Kedua, kelompok yang memerangi atau
merugikan kaum muslimin dengan berbagai cara. Terhadap mereka tidak boleh
dijalin hubungan harmonis, tidak boleh juga didekati. Merekalah yang dimaksud
oleh ayat ini, demikian juga dengan ayat-ayat lain, seperti:
“Sesungguhnya
Allah hanya melarang kamu menjadikan sebagai teman-teman dekat kamu orang-orang
yang memerangi kamu karena agama dan mengusir kamu dari negerimu dan
membantu(orang lain) untuk mengusirmu” (QS. al-Mumtahanah [60]:9).
Ketiga, kelompok yang tidak secara
terang-terangan memusuhi kaum muslimin, tetapi ditemukan pada mereka sekian
indicator yang menunjukkan bahwa mereka tidak bersimpati kepada kaum muslimin
tetapi mereka bersimpati kepada musuh-musuh Islam. Terhadap mereka Allah
memerintahkan kaum beriman agar bersikap hati-hati tanpa memusuhi mereka.
Firman-Nya:
Barang siapa di antara kamu menjadikan
mereka auliyaa’, maka sesungguhnya dia termasuk sebagian mereka
mengisyaratkan bahwa keimanan bertingkat-tingkat. Ada di antara orang-orang
yang hidup bersama Rasul ketika itu yang keimanannya masih belum mantap, masih
diselubungi oleh kekeruhan atau semacam keraguan. Mereka tidak harus merupakan
orang-orang munafik yang menampakkan keimanan tetapi menyembunyikan kekufuran.
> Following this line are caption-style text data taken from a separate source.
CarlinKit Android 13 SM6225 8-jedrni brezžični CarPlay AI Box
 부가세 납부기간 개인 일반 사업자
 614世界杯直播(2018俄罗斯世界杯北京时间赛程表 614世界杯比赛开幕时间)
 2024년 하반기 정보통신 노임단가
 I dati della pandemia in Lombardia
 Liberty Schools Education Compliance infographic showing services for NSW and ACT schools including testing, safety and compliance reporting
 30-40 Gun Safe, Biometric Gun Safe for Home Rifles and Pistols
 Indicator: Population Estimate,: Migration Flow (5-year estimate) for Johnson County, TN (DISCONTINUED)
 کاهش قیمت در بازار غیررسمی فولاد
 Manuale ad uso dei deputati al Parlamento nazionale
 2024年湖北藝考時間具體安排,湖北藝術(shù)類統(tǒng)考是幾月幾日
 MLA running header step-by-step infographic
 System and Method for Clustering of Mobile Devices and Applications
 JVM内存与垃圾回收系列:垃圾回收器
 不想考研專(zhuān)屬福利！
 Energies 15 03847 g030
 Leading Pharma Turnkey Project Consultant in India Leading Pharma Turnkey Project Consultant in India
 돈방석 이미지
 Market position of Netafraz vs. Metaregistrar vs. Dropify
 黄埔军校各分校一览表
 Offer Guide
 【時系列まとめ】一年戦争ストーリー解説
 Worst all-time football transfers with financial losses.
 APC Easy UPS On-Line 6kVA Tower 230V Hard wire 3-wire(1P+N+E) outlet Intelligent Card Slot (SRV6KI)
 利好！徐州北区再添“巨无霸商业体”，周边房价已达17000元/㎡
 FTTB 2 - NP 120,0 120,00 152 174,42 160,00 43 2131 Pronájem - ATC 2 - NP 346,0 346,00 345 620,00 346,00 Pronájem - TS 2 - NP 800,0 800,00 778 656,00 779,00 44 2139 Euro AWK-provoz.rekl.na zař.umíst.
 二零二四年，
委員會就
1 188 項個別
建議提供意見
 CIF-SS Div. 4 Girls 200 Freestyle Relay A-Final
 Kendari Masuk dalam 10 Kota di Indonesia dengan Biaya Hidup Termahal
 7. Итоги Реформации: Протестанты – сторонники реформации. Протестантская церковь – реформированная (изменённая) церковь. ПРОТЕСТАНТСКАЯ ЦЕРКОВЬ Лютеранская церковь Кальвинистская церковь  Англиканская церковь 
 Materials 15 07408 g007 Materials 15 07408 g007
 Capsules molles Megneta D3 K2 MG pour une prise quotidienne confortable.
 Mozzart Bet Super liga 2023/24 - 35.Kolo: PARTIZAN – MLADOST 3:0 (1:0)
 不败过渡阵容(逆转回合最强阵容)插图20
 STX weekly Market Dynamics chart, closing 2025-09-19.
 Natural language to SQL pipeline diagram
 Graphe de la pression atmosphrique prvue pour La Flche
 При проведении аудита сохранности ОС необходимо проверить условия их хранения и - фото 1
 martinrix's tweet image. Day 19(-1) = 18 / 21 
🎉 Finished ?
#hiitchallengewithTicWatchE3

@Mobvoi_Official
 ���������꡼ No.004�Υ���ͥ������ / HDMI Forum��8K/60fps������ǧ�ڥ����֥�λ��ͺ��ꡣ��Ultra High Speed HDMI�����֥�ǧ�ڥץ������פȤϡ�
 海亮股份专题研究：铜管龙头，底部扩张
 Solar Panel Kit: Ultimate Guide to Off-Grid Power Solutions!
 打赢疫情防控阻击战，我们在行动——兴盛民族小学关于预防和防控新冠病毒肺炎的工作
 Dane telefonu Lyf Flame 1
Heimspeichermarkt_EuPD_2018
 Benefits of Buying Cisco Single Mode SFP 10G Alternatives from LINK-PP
Mereka tetap dinamai orang-orang yang beriman. Kendati demikian, keraguan yang
masih terdapat dalam hati mereka, dan yang merupakan salah satu bentuk penyakit
jiwa, itulah yang mengantar mereka mengambil sikap bersahabat sangat erat
dengan orang-orang Yahudi dan Nasrani. Keraguan itulah yang menjadikan mereka
khawatir mendapat bencana. Mereka adalah sebagian dari yang dimaksud oleh ayat
di atas dengan orang-orang yang ada
penyakit dalam hatinya.
Firman-Nya:
Sesungguhnya Allah tidak memberi petunjuk
kepada orang-orang yang zalim bukan berarti tidak menyampaikan kepada
mereaka tuntunan agama, tetapi dalam arti mereka tidak diantar menuju jalan
kebahagianan. Untuk jelasnya, bacalah kembali penafsiran ayat keenam surah
al-Fatihah (ihdina ash-shirath
al-mustaqim).
Kata
‘asa bila pelakunya adalah Allah,
seperti firman-Nya di atas, fa’asa
Allah/mudah-mudahan Allah dipahami oleh banyak ulama sebagai isyarat
tentang kepastian. Kata ‘asa/mudah-mudahan
mengandung makna harapan, dan harapan, adalah sesuatu yang belum pasti. Ini
bila pelaku kata ini makhluk. Tetapi, kalau pelakuknya adalah Allah, sifat
Allah Yang Maha Mengetahui itu mengubah makna harapan tersebut menjadi
kepastian. Penggunaan kata ‘asa/mudah-mudahan
dalam ayat ini dan semacamnya merupakan pengajaran kepada umat Islam agar tidak
memastikan sesuatu menyangkut masa depan. Ini sejalan dengan tuntunan-Nya:
“Dan jangan
sekali-kali engkau mengatakan terhadap sesuatu: “Sesungguhnya aku akan
mengerjakan itu besok pagi, kecuali (mengaitkannya dengan) insyaAllah/jika
dikehendaki Allah” (QS. Al-Kahf [18]:23).